AIM OF THE EXERCISE
From the first line of the data down to the line bearing "It was only", output every line exactly and include no pictures.

Saved entries:
----
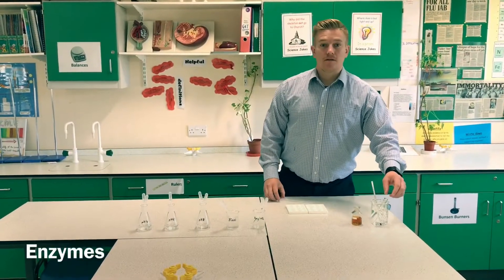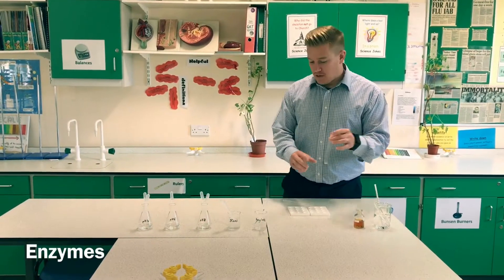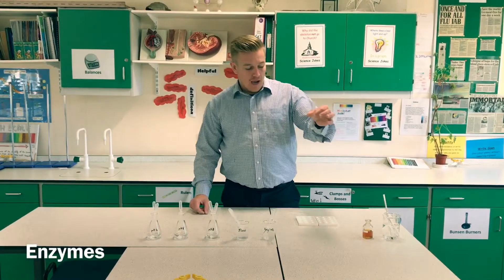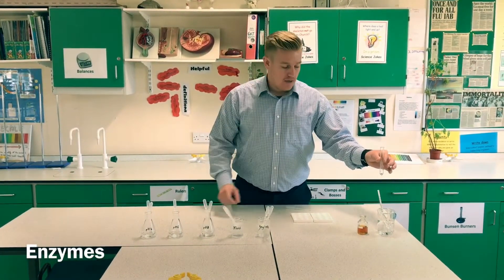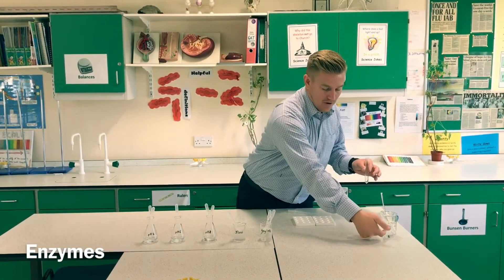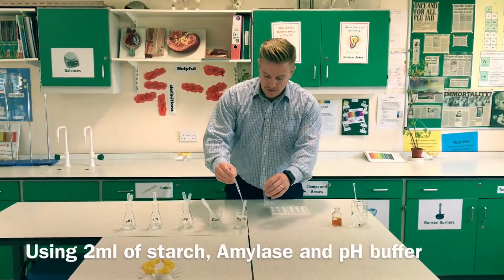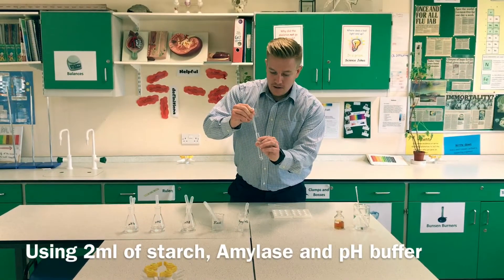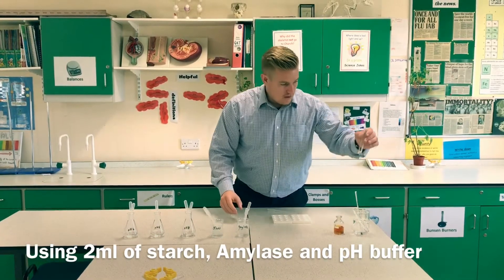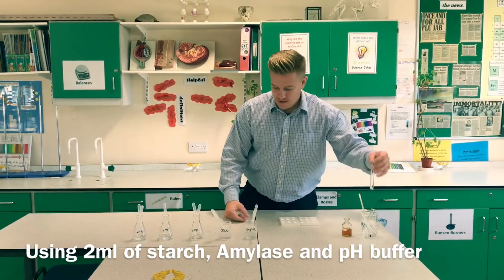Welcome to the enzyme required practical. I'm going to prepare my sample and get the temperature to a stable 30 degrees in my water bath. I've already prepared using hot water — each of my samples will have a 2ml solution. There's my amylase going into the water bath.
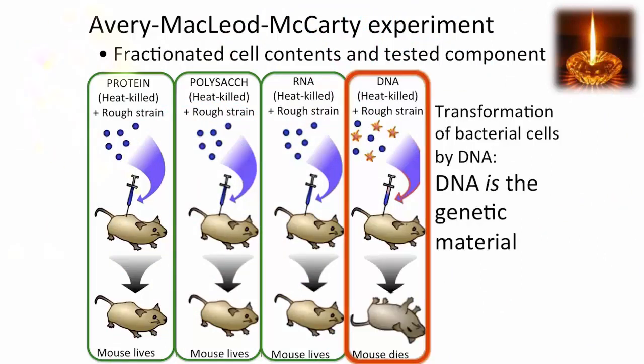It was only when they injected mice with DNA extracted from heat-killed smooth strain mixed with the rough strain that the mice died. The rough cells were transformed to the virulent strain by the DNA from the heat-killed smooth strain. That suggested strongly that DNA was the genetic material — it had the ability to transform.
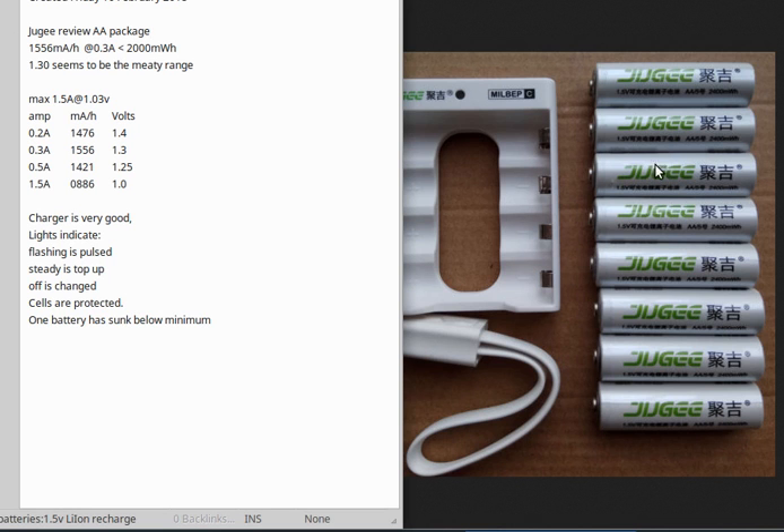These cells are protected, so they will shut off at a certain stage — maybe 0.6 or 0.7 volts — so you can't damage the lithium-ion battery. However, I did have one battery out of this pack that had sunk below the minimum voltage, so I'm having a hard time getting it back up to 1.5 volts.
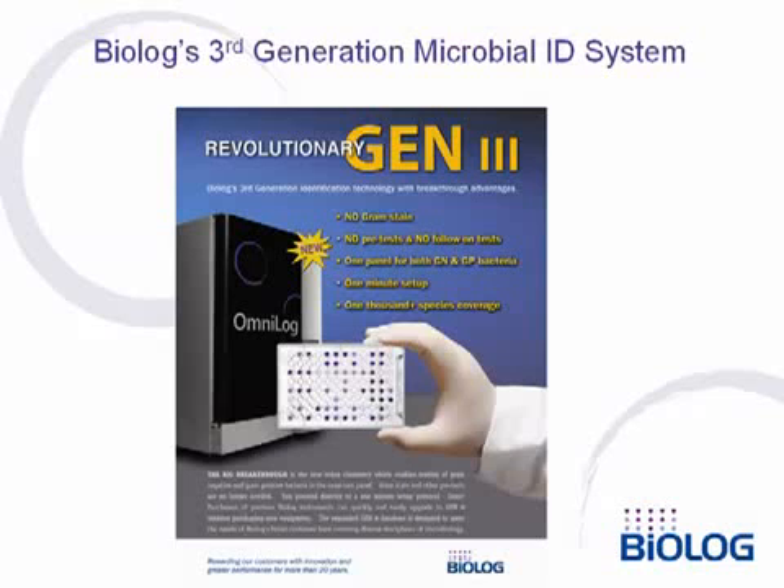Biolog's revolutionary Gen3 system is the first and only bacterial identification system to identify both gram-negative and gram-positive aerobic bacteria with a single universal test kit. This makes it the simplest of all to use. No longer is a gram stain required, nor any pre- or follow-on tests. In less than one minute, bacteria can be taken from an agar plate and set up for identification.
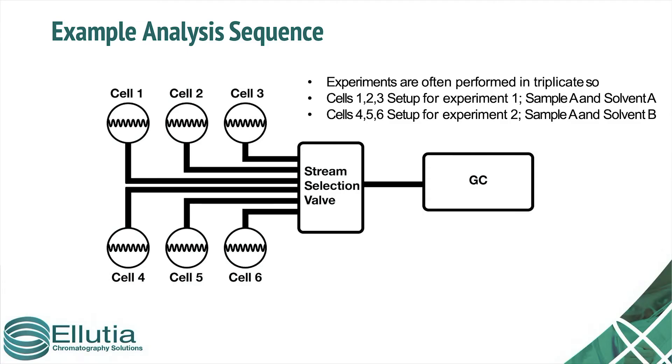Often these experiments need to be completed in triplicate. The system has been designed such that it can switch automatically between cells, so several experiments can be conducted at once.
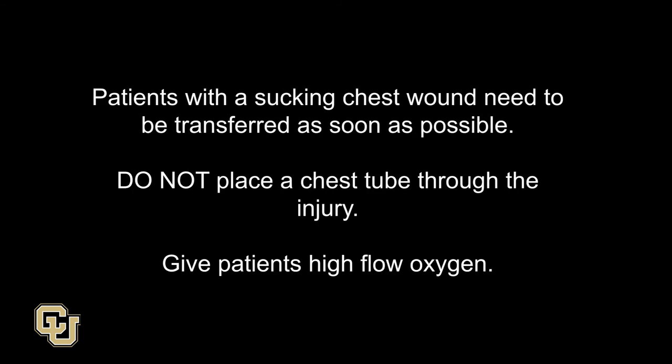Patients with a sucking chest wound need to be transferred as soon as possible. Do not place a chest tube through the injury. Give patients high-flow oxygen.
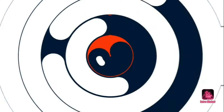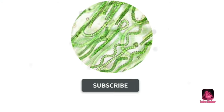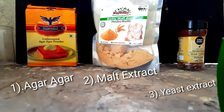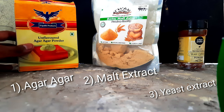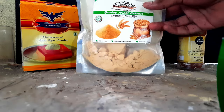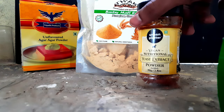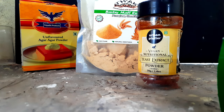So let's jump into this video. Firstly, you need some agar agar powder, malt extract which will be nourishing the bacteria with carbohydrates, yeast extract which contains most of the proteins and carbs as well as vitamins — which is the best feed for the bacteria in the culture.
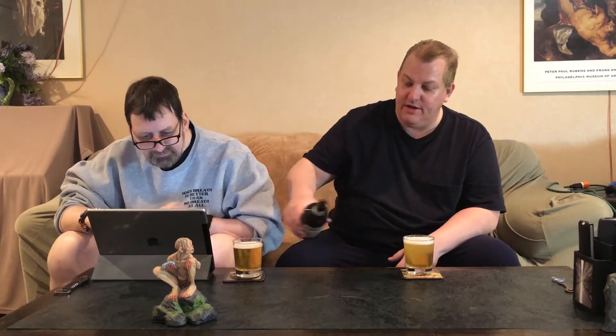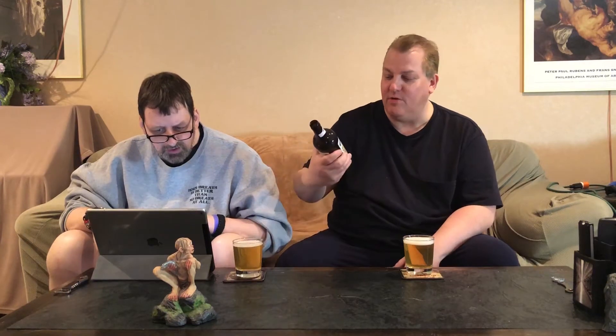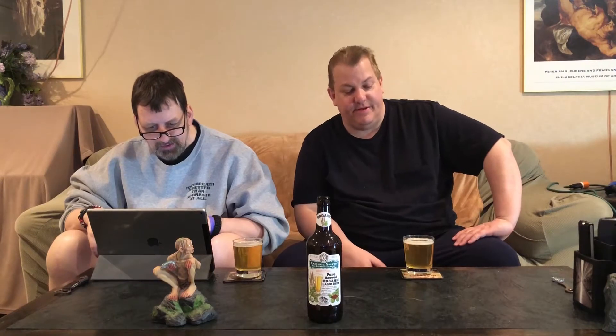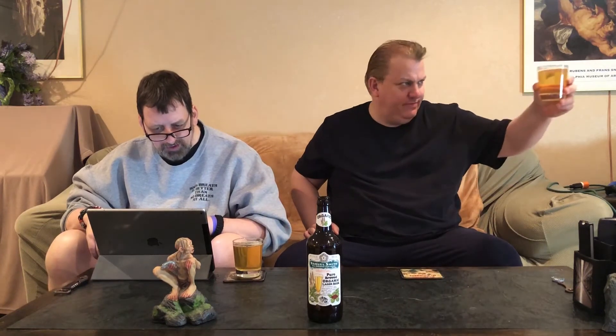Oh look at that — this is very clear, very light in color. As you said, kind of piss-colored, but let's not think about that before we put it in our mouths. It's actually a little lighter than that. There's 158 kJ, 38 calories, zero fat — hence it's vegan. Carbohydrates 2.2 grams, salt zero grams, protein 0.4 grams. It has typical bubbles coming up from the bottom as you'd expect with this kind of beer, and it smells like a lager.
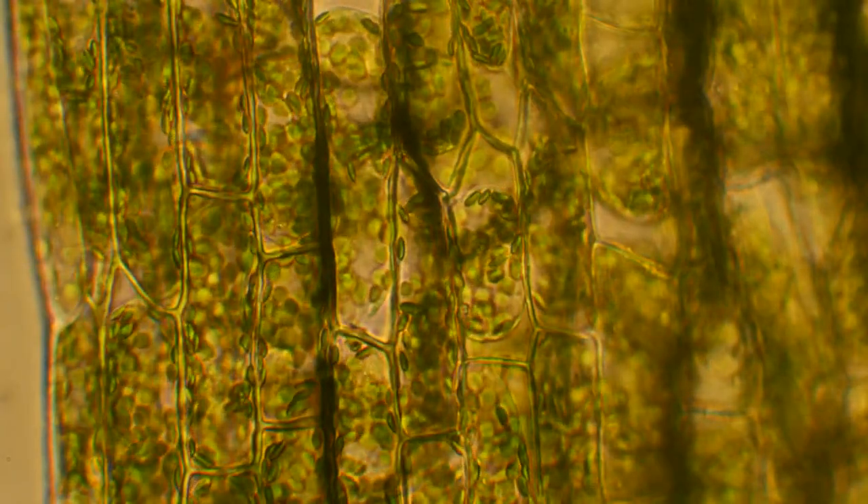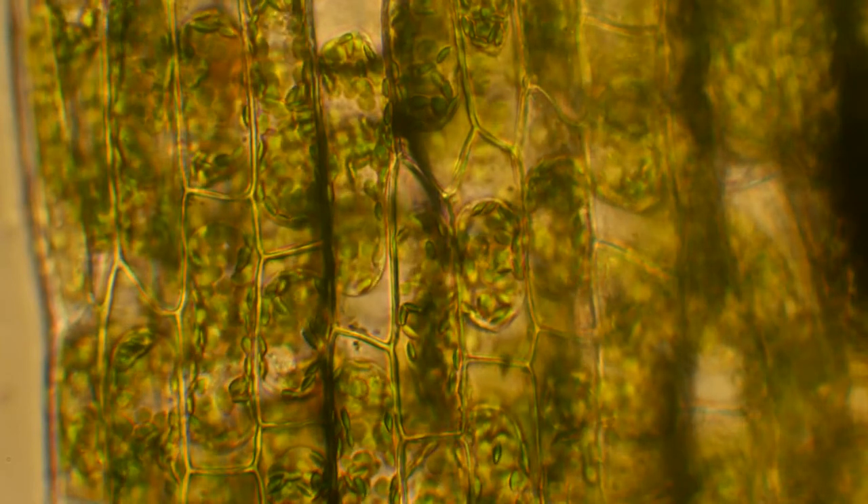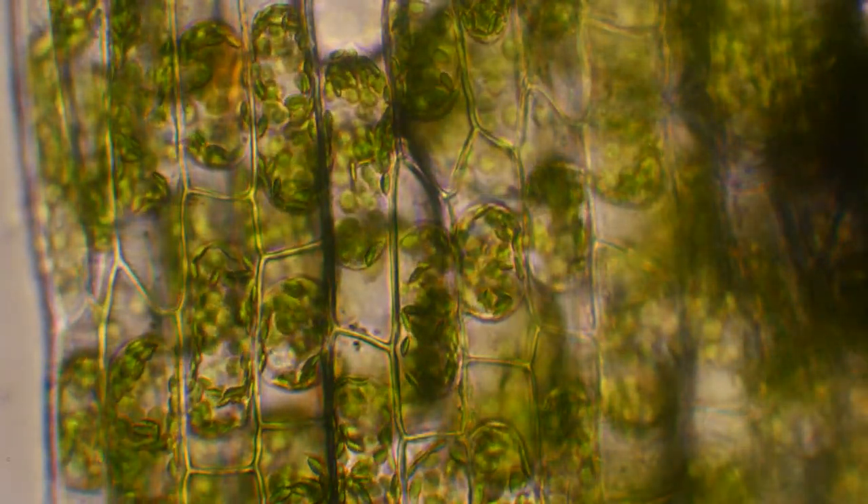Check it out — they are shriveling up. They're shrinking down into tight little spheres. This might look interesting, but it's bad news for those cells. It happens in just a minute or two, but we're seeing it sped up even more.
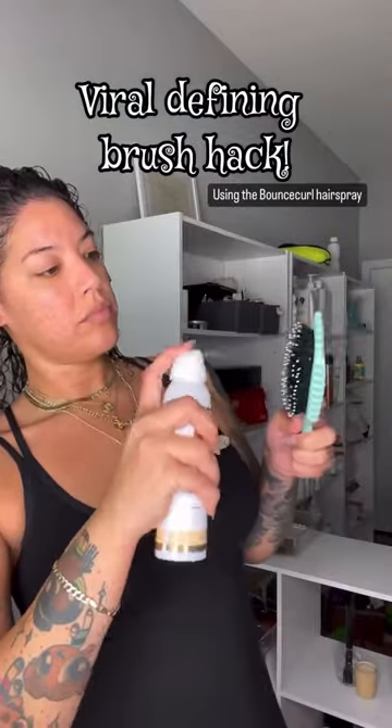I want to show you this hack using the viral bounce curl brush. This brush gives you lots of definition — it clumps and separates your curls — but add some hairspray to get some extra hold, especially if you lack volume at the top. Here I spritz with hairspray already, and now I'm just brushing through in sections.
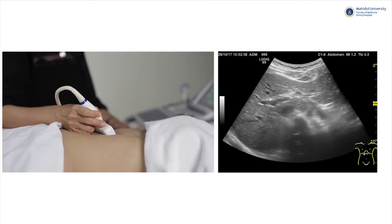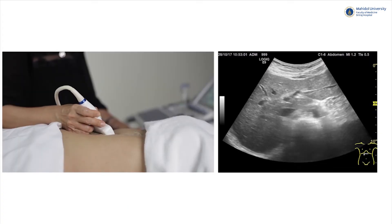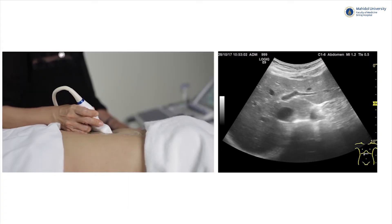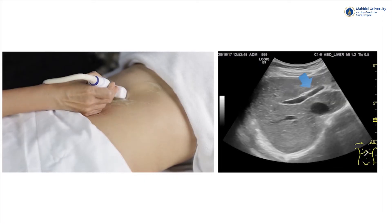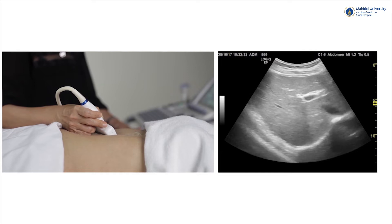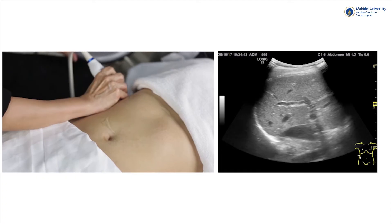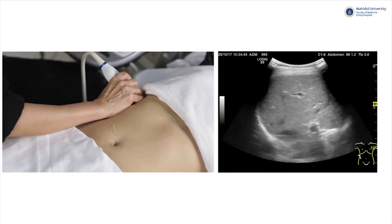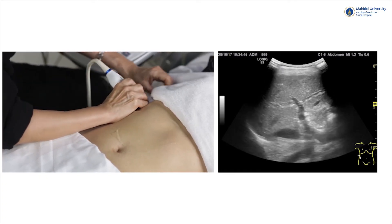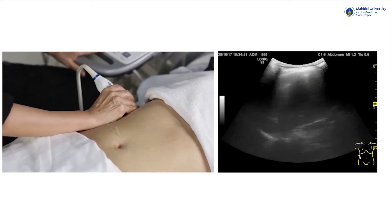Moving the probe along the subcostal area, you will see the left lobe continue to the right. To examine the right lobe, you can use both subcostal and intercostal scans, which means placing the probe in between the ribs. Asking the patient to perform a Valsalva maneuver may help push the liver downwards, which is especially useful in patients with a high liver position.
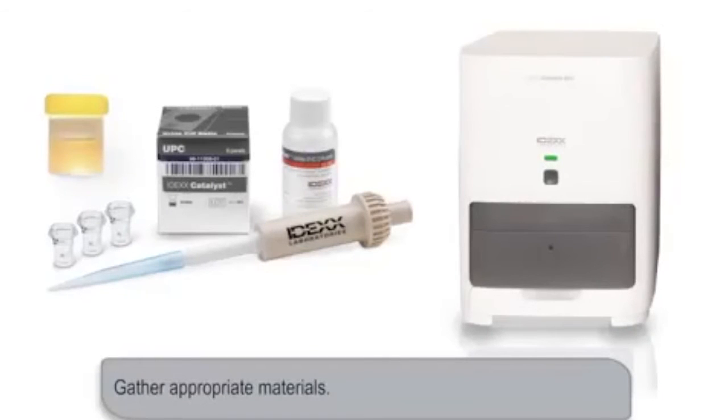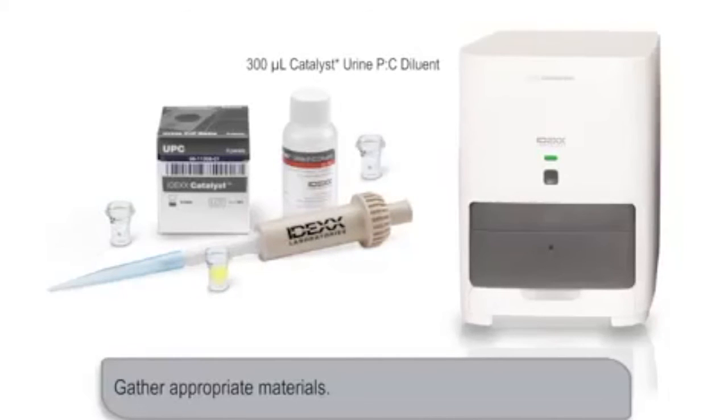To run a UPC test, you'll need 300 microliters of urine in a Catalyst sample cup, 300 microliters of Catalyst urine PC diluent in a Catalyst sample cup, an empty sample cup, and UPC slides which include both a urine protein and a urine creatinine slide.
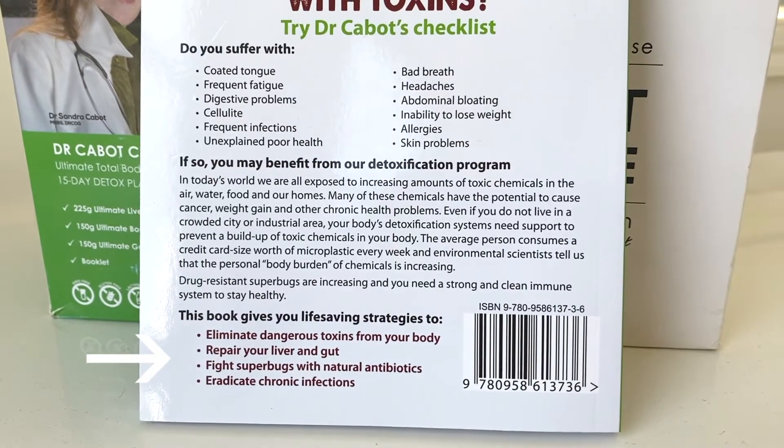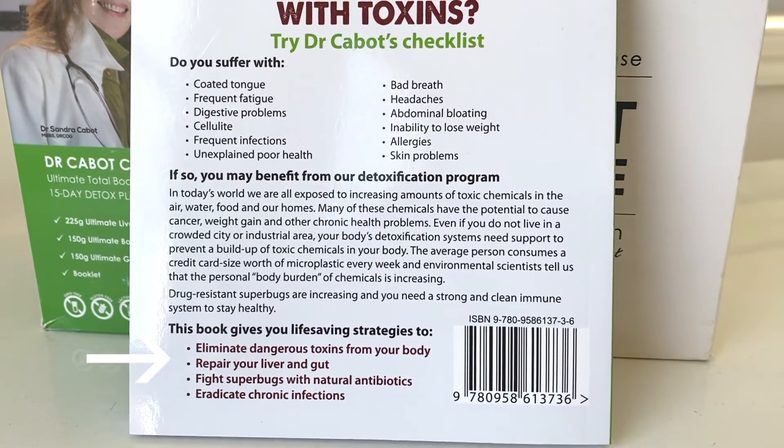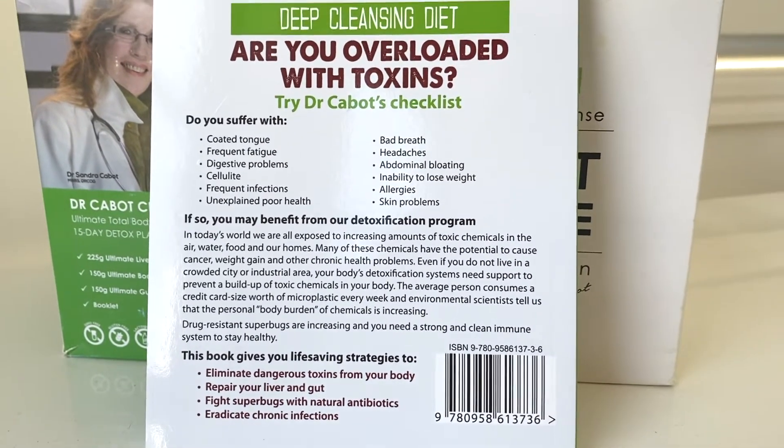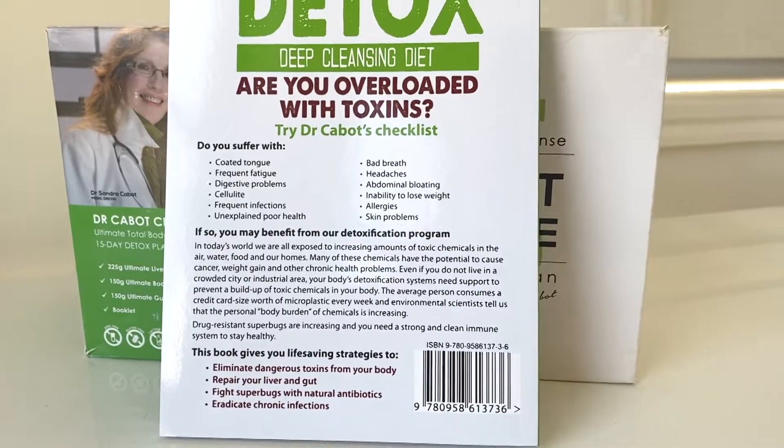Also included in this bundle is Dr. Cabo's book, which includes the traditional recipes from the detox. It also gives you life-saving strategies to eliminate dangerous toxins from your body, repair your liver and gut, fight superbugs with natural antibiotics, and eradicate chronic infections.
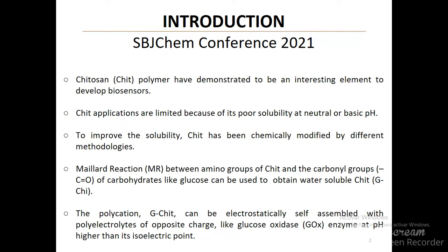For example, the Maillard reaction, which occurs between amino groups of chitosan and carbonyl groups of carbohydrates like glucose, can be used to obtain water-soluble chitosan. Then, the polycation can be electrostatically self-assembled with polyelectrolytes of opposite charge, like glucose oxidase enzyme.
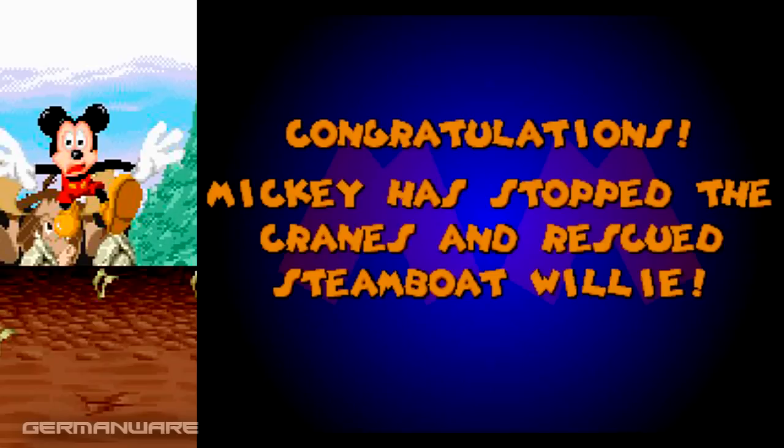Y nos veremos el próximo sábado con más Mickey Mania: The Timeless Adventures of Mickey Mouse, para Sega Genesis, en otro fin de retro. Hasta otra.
----
TASK RESULT
Welcome to the enzyme required practical. I'm going to prepare my sample and get the temperature to a stable 30 degrees in my water bath. I've already prepared using hot water — each of my samples will have a 2ml solution. There's my amylase going into the water bath.
It was only when they injected mice with DNA extracted from heat-killed smooth strain mixed with the rough strain that the mice died. The rough cells were transformed to the virulent strain by the DNA from the heat-killed smooth strain. That suggested strongly that DNA was the genetic material — it had the ability to transform.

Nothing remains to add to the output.